If it helps your calculation, CAD is the appropriate currency, and food prices are not pulled from logical sources. Best of luck.
If it helps your calculation, CAD is the appropriate currency, and food prices are not pulled from logical sources. Best of luck.
Sure, a lettuce sandwich costs $0.79.
I’m certainly not eating the onion like an apple lol. But, to your point, a sandwich is exactly what you just said. Pick up an onion, some bread, some lettuce, some tomato, some mayo, some mustard, salt and pepper, deli ham (or roast chicken), some cheese. Buying those ingredients would be… What $40? And you’d be able to make 8 sandwiches. Maybe have some leftover cheese and mayo. Perhaps a chicken carcass for stock.They’d be pretty good sandwiches too, but without bacon because we wanna keep it budget. Or you could get 20 McDoubles. By caloric value, 20 McDoubles will give you more food. You’ll die from malnutrition over a period of time, but not from lack of calories.

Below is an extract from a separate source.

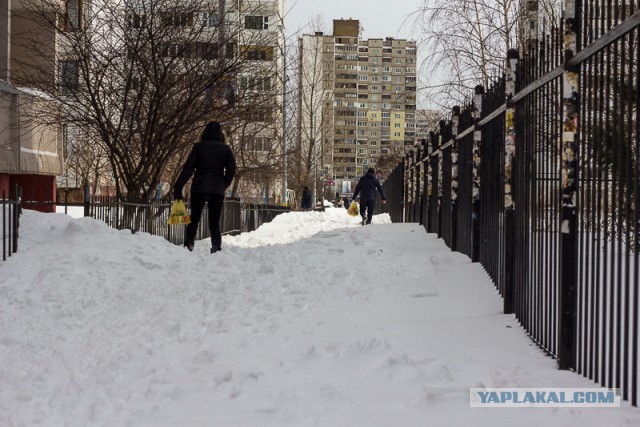 23 марта. Киев. Весна.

I don’t think it matters. An onion costs me $2. A McDouble costs me $2. I can get a whole processed burger for the price of a condiment on a sandwich I’d make at home.
I appreciate that you did some earnest calculations. Normalizing for McDouble calorie counts is a decent way to do lateral comparisons. I did think about it, rather than napkin math, but then the CRM exploded at work, so I got distracted.